__Task objective__
The records below are to be copied exactly, with their pictures left out.

(Image-text web data)

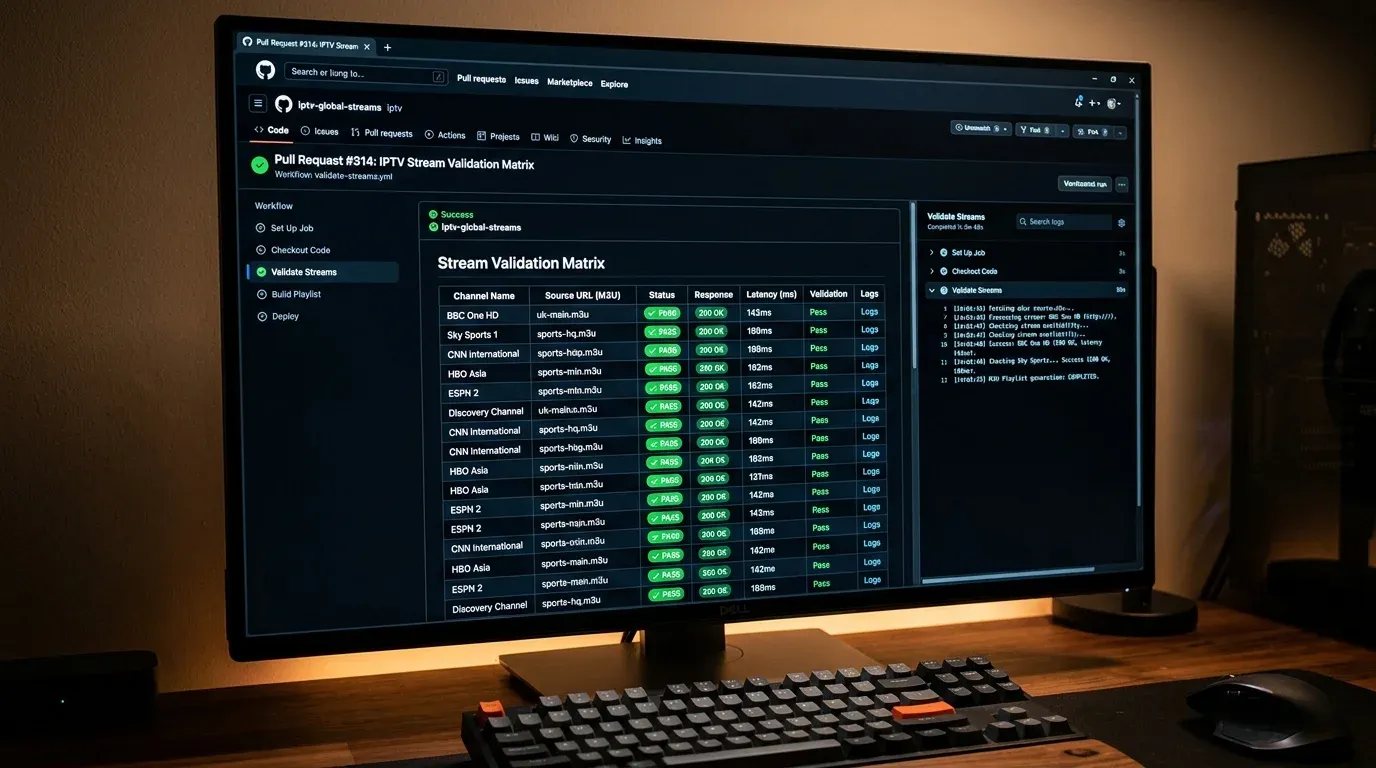 Панель GitHub Actions со статусами автоматической проверки доступности IPTV потоков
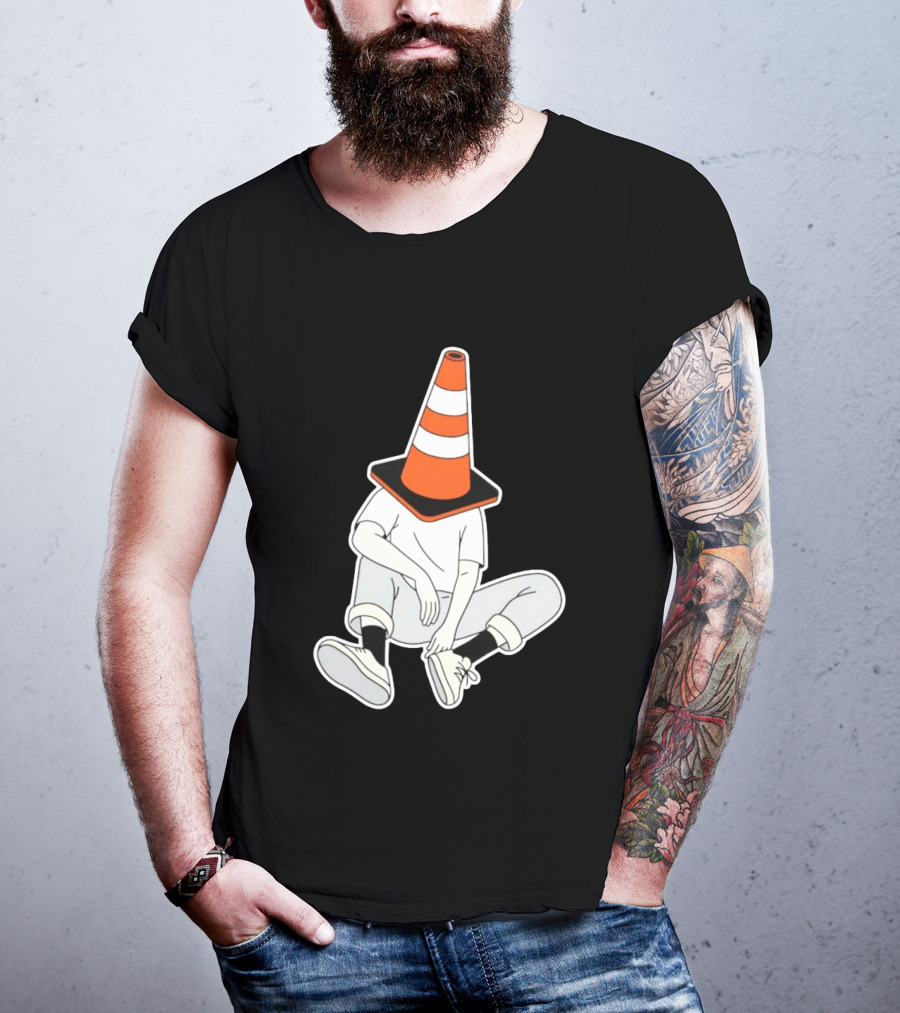 Under Construction Introvert Mode Traffic Cone Head Silent Reflection T-Shirt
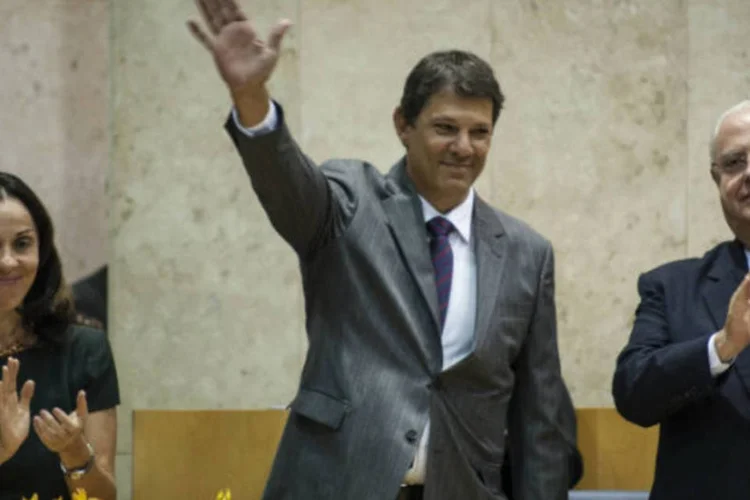 
	O novo prefeito de S&atilde;o Paulo, Fernando Haddad, durante a cerim&ocirc;nia de posse na C&acirc;mara&nbsp;
 (Marcelo Camargo/ABr)
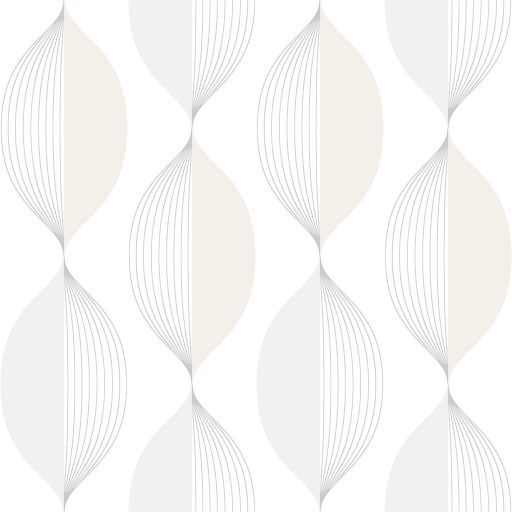 Ellips, Vit tapet från duro med geometriskt mönster i vit och beige. Från kollektionen Natur. Nonwoven-material med rak passning. Vintage-stil.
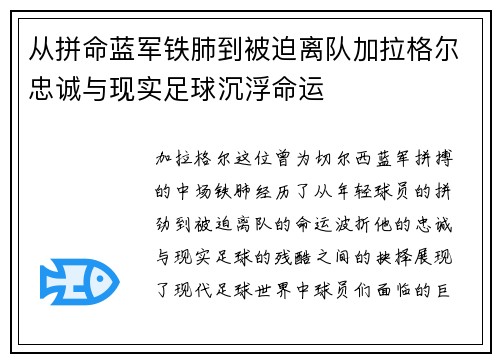 从拼命蓝军铁肺到被迫离队加拉格尔忠诚与现实足球沉浮命运 从拼命蓝军铁肺到被迫离队加拉格尔忠诚与现实足球沉浮命运
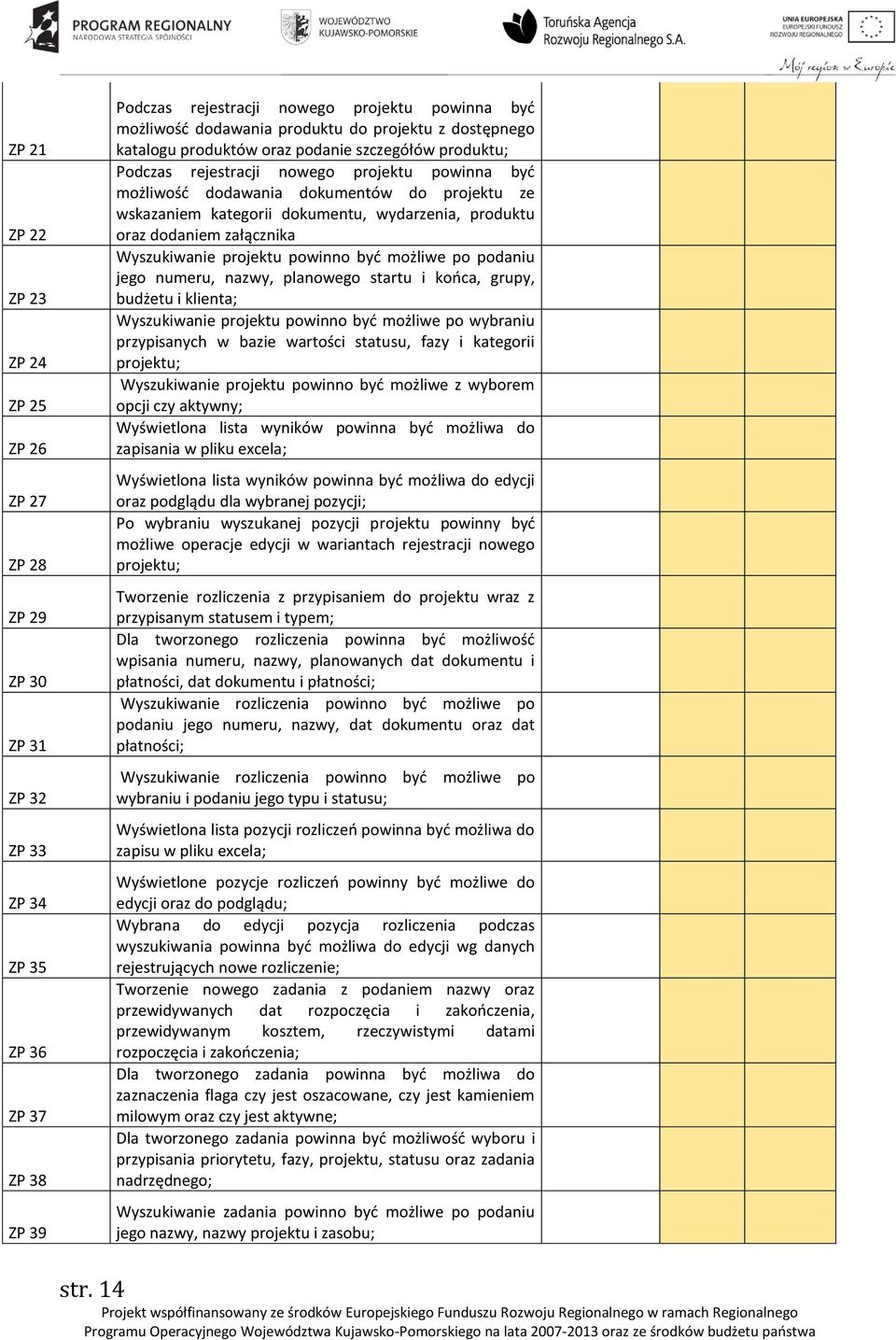 dokumentu, wydarzenia, produktu oraz dodaniem załącznika Wyszukiwanie projektu powinno być możliwe po podaniu jego numeru, nazwy, planowego startu i końca, grupy, budżetu i klienta; Wyszukiwanie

__Solution to this exercise__
 Панель GitHub Actions со статусами автоматической проверки доступности IPTV потоков
 Under Construction Introvert Mode Traffic Cone Head Silent Reflection T-Shirt
	O novo prefeito de S&atilde;o Paulo, Fernando Haddad, durante a cerim&ocirc;nia de posse na C&acirc;mara&nbsp;
 (Marcelo Camargo/ABr)
 Ellips, Vit tapet från duro med geometriskt mönster i vit och beige. Från kollektionen Natur. Nonwoven-material med rak passning. Vintage-stil.
 从拼命蓝军铁肺到被迫离队加拉格尔忠诚与现实足球沉浮命运 从拼命蓝军铁肺到被迫离队加拉格尔忠诚与现实足球沉浮命运
 dokumentu, wydarzenia, produktu oraz dodaniem załącznika Wyszukiwanie projektu powinno być możliwe po podaniu jego numeru, nazwy, planowego startu i końca, grupy, budżetu i klienta; Wyszukiwanie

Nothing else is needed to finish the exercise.